Thursday, September 25, 2014

Herkes Öldürebilir Sevdiğini


Bizim memlekete gelen en iyi golcülerden biriydi, giderken ''İyi golcü ama futbolcu değil'' dediler. Deriz biz, böyleyiz. ''Gelirse 40 gol atar'' diye tarif edilir iyi santrforlar, Mario Jardel de klas golcüydü, bir golü Galatasaray'a Süper Kupa'yı, bir başkası efsane bir Real Madrid galibiyetini getirdi. Yedi yıla 200 gol sığdıran Jardel, 11 yıl önce 30 yaşındayken durdu, artık atamıyordu. Yaşadığı ağır sakatlık futbol sahasında değildi, hayatın sakatladığı futbolculardan biri oldu o. Büyük aşkı eşiyle yol ayrıma gelmiş, ardından çareyi alkolde, uyuşturucuda aramıştı. Ekmek parası niyetine dolandı durdu o ülkeden bu ülkeye. Jardel markasını satabildiği kadar sattı ve yıllar sonra o çöküş günlerini itiraf ettiğinde gözleri yaşlıydı. Tıpkı Fenerbahçe'ye İspanya Ligi'nin gol kralı kartvizitiyle gelip, özel hayatıyla çıktığı kafa topunda göğsünün sol tarafına dirsek yiyen ve acıların çocuğuna dönen Guiza gibi... 

Burdisso kardeşlerden ufak olanı ağabey kontenjanından geldiği İtalya'da tutunamamıştı. Geçen sezon da altı aylığına geldiği Galatasaray'dan da gönderildi. Guillermo sıradan stoperdi ama ağabeyiNicolas klas topçuydu. Boca Juniors'tan Inter'e geldiğinde İtalyan medyası Milano Kulübü'nün büyük bir transfere imza attığını yazdı. Bugün geriye dönüp kariyer istatistiklerine baktığınız zaman Nicolas Burdisso'nun Inter'de ilk sezonunda forma giymediğini görür, teknik adamın planları arasında yer almadığını ya da ağır bir sakatlık yaşadığını düşünebilirsiniz. Ağır sakatlık yine saha dışındaydı. Burdisso sezon başında yeni kulübünün başkanının kapısını çaldı ve''Kızım Angelina lösemi, tedavisi için Buenos Aires'e dönmem lazım. Kontratımı fesh edebilirsiniz'' dedi. Moratti, İtalyan futbolunun büyük yürekli başkanıydı. Arjantinli stopere''Yanındayız'' dedi ve bir yıl süren tedavinin ardından sağlığına kavuşan Angelina'sını yanına alan Nicolas Burdisso, Milano'ya geri döndü ve 10 yıldır Serie A'da forma giyiyor.

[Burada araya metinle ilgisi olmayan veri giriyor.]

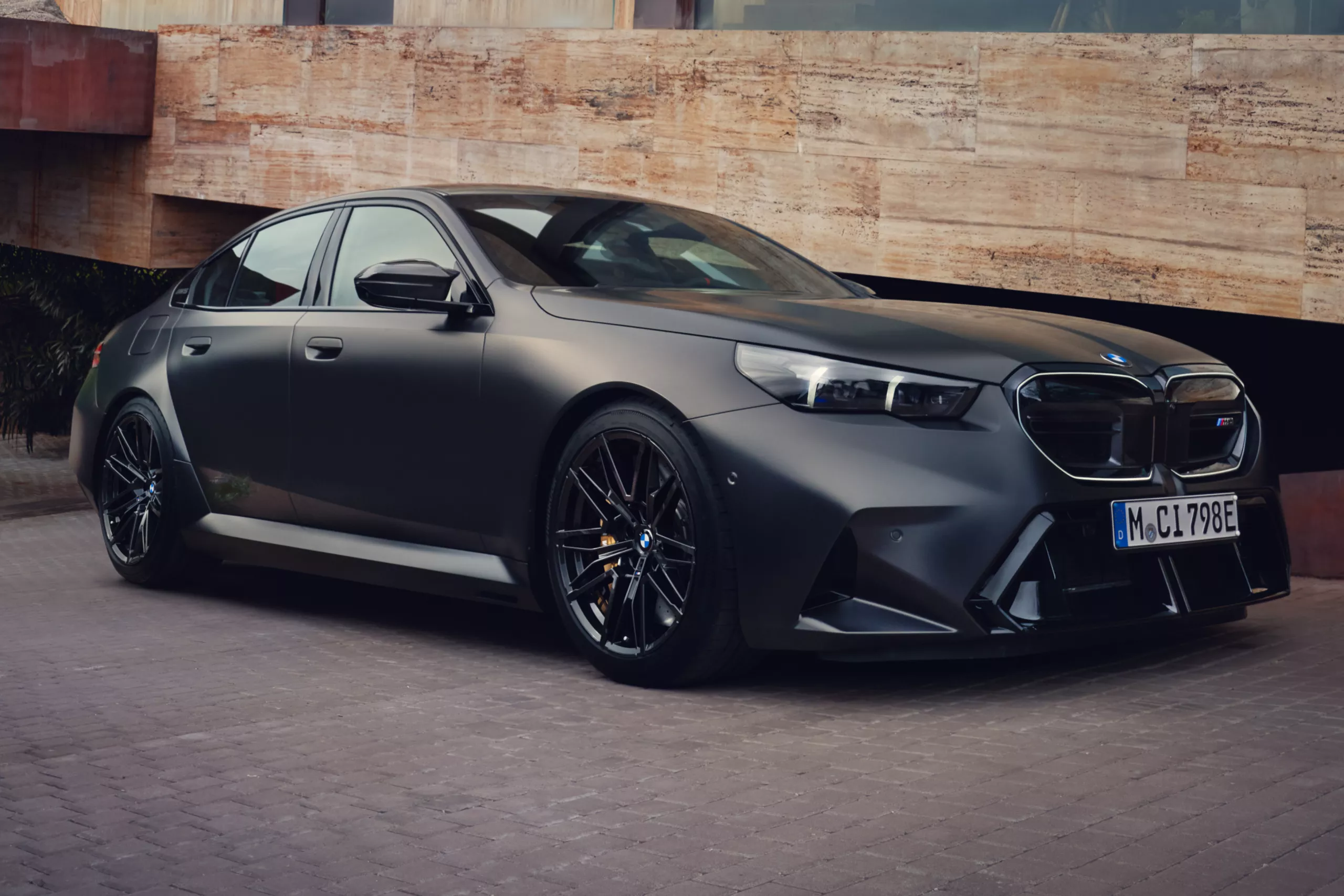 Purely electric. Pure driving pleasure.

Cesare Prandelli'nin hikayesini biliyorsunuz, Uli Stielike de hayatın sakatlığı futbol adamlarından biriydi. 2006 Dünya Kupası'nda hayal kırıklığı yaşayan Fildişi Sahili'nin başına geçmişti, zamanının büyük topçusu Alman teknik adam. Oğlunun ani rahatsızlığı onu futboldan kopardı, 23 yaşındaki Michael'i hayatta tutabilmek için çırpındı ama çok geçti, bir ay içinde Uli Stielike, 10 yaş birden yaşlandı. Sahada diz bağlarının kopmasına benzemezdi, evladını kaybetmek. Acısını dindirebilmek için tekrar oyunun içinde kaldı. Manolo Preciado gibi... 10 yıl önceydi, eşini kaybeden Preciado, oğlunun motor kazasında öldüğü haberini aldığında yıkıldı. 15 yaşındaki Raul artık yoktu. Bir zaman sonra ''Eşimi ve oğlumu kaybetmiştim. O gün ya intihar edecektim ya da kendimi futbola verecektim'' dedi. Verdi de... Sekiz yıl daha... Hayat iki yıl önce onu kalbinden vurdu ve Manolo, çok sevdiği eşi ve oğluna kavuştu. 

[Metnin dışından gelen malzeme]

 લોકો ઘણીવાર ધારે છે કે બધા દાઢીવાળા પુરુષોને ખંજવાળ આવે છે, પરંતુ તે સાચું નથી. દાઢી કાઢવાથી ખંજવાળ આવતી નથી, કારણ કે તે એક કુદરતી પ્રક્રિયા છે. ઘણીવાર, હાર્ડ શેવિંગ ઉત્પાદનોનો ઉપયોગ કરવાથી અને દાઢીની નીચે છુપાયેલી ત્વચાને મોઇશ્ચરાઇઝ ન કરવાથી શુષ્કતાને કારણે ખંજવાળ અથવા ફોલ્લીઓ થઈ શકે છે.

Kaladze, Gürcistan'dan çıkan en yetenekli futbolcuydu. Ülke tarihinin en pahalı futbolcusu da olmayı başardı. 2001 yılında Milan onu 16 milyon avro'ya Dinamo Kiev'den transfer etti. Aynı yıl kardeşi tıp fakültesi öğrencisi Levan'ı ülkesinde kaçırdılar ve Kaladze'den 600 bin dolar fidye istediler. Levan'dan yıllarca haber alınamadı. Kaladze acı gerçekle tam beş yıl sonra yüzleşti. Kardeşinin cesedi teşhis edilmişti. Gürcistan vatandaşlığından ayrılmak isteyecek kadar küskündü doğduğu topraklara. Yapamadı. Yıllar sonra futbolu bıraktığında politikaya atıldı ve bugün ülkesinin enerji bakanı...
Daniela altı; Enzo beş yaşında. Babaları Roberto ile birlikte geçen yıl Valencia'dan Londra'ya taşındılar. Roberto Soldado için Tottenham Kulübü 30 milyon avro bonservis ödedi. İspanya'da üç sezonda 60 gol atan Soldado, iyi başladığı sezonun ortasında kendi kendine fişi çekti. Sahada geziniyor, pozisyona bile giremiyordu. İngilizler iyi gazeteciliğin örneğini verdiler. Soldado'nun bir derdi vardı ama neydi? İspanyol futbolcunun hamile eşi düşük yapmıştı ve çift ağır depresyon geçiriyordu. İkinci dereceden adale yırtığı değildir elbet hayalini kurduğun üçüncü çocuğunu kaybetmek...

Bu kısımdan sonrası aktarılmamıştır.